The response should reproduce exactly the lines from the top of the listing below through the one that contains "boostlete-boost-mode-icon-crown-offset-line-art-0190 — Unisex", and nothing else; pictures do not belong in it.

══ Entries supplied ══

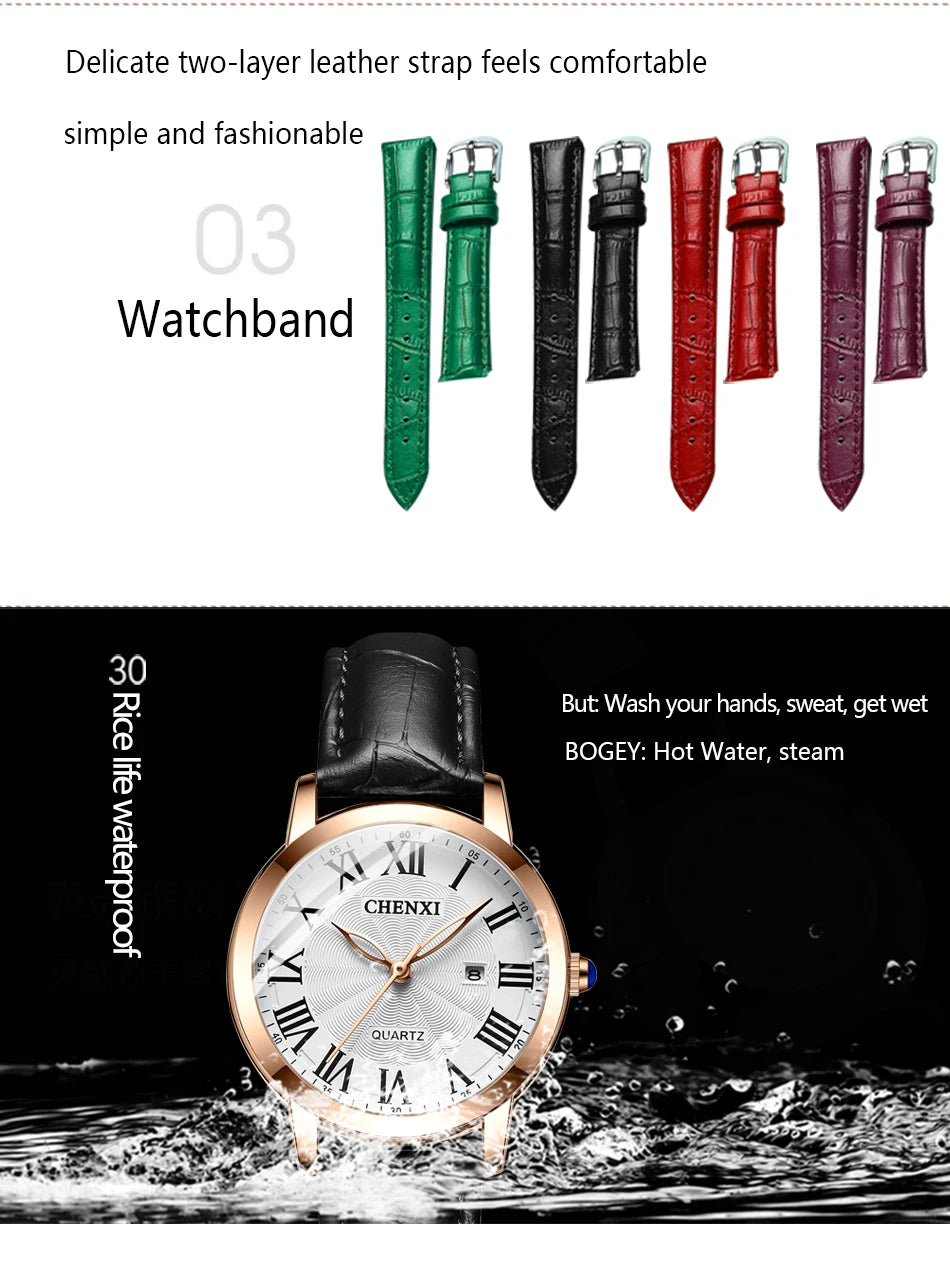 CHENXI Leather Quartz Ladies Watches Top Brand Luxury Casual Watch for Women Waterproof Fashion Leather Analog Womens Wristwatch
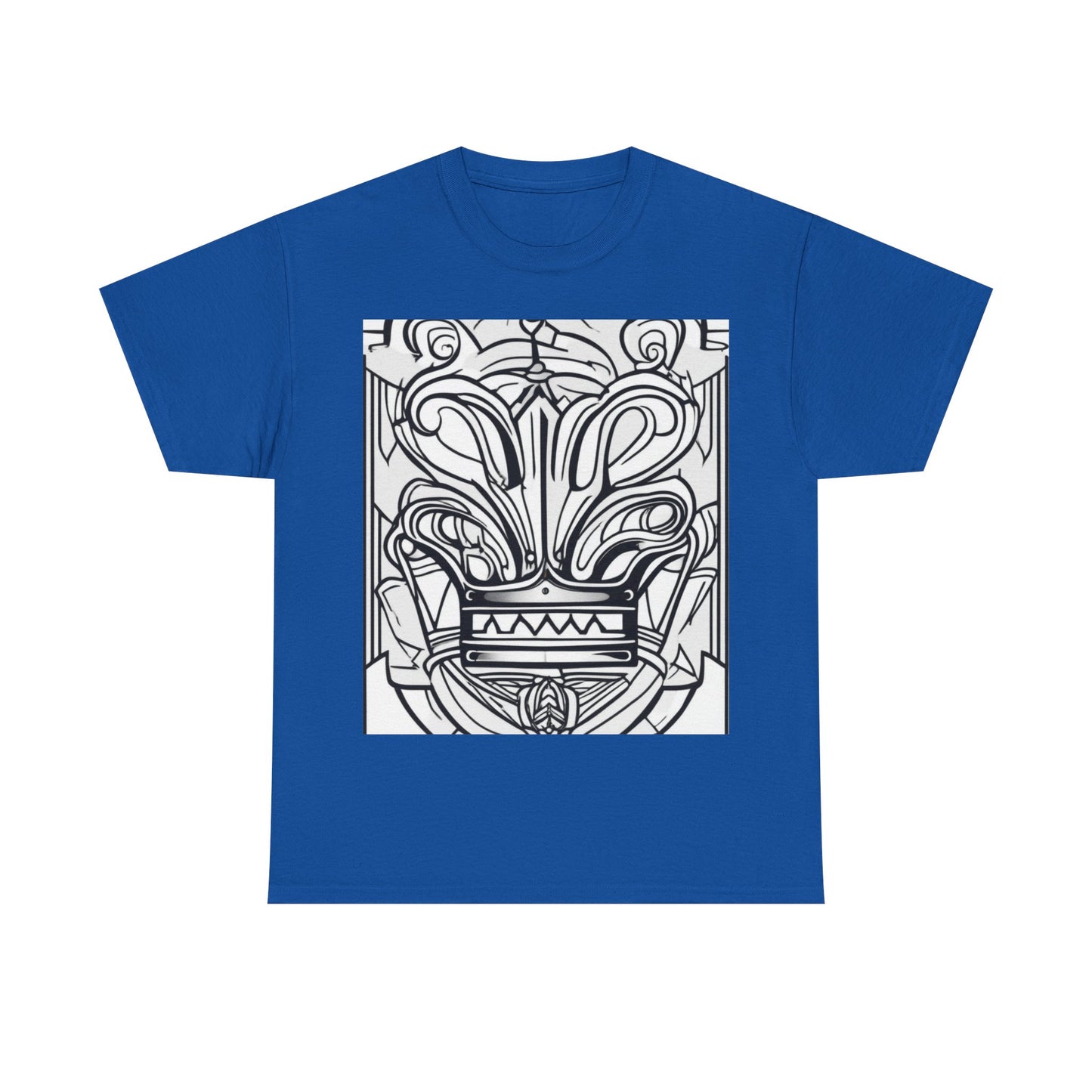 boostlete-boost-mode-icon-crown-offset-line-art-0190 — Unisex Heavy Cotton Tee (Gildan 5000)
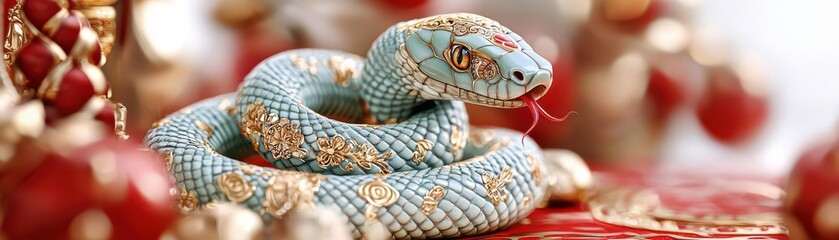 A beautifully designed ornamental snake art piece.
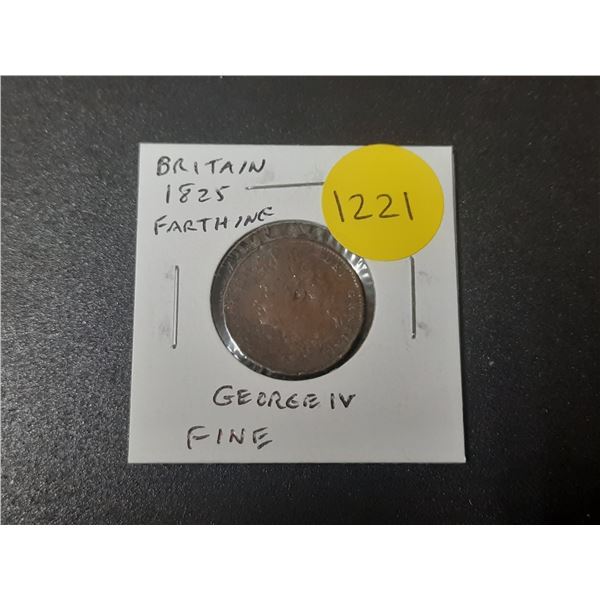 Great Britain. 1825 Farthing. King George IV. Fine.
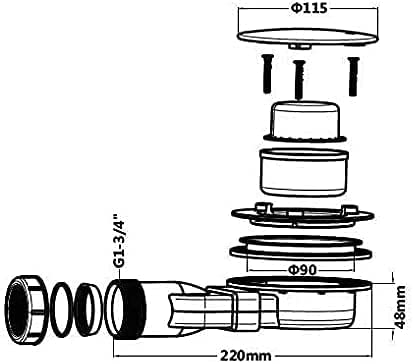 Sandy Beach Slimline Chrome Shower Bathroom Tray Waste Trap 90mm Diameter 48mm Depth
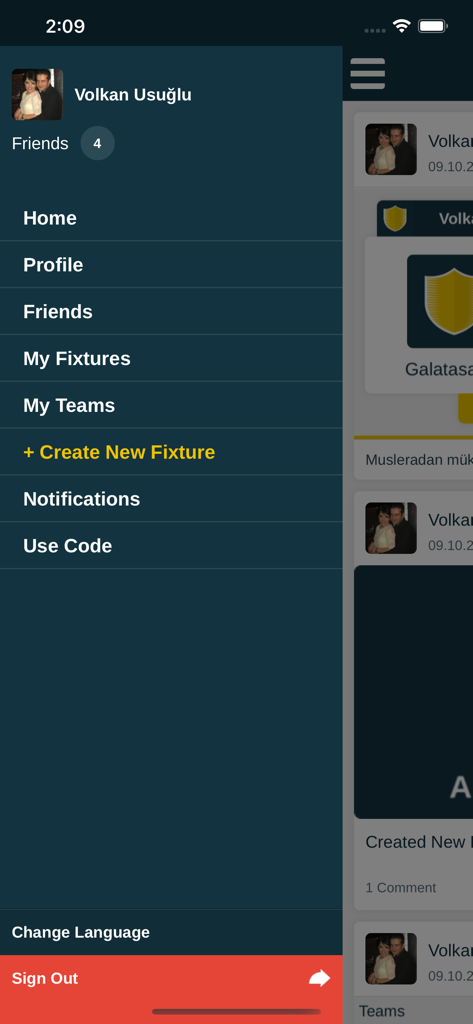 Fixture Maker - Navigation sidebar of the Fixture Maker app showing options for creating sports fixtures and managing teams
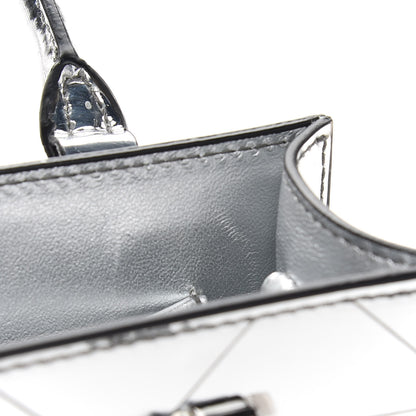 Prada Spazzolato Metal Triangle Logo Triangle Patterned Small Double Handle Crossbody Tote Argento 10 of 10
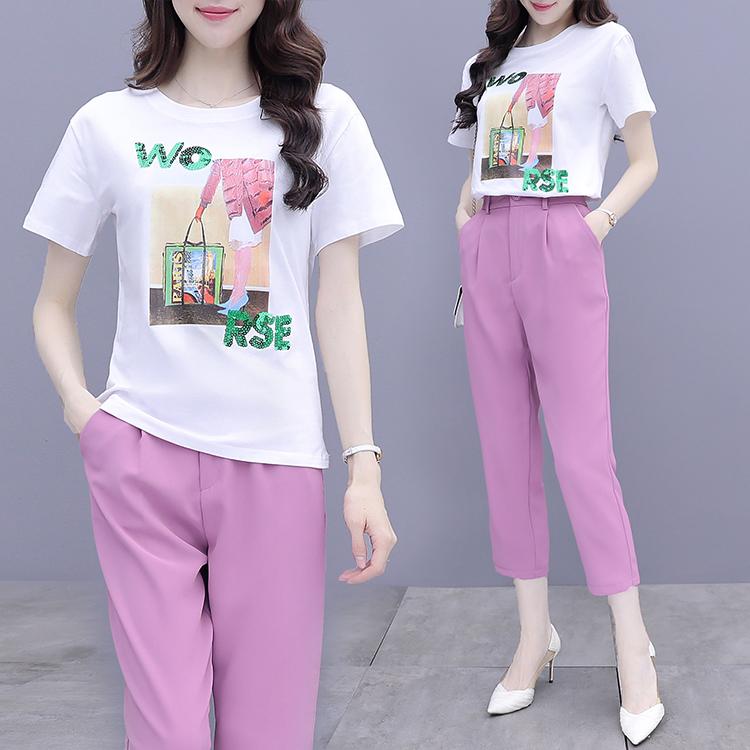 Women's Two Piece Pants Summer Print Sequins Sweatshirt Purple Pnats Korean Fashion Career Pcs Suit Leisure Outfit Top Set Clothing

═══

◆ **Solution**
 CHENXI Leather Quartz Ladies Watches Top Brand Luxury Casual Watch for Women Waterproof Fashion Leather Analog Womens Wristwatch
 boostlete-boost-mode-icon-crown-offset-line-art-0190 — Unisex Heavy Cotton Tee (Gildan 5000)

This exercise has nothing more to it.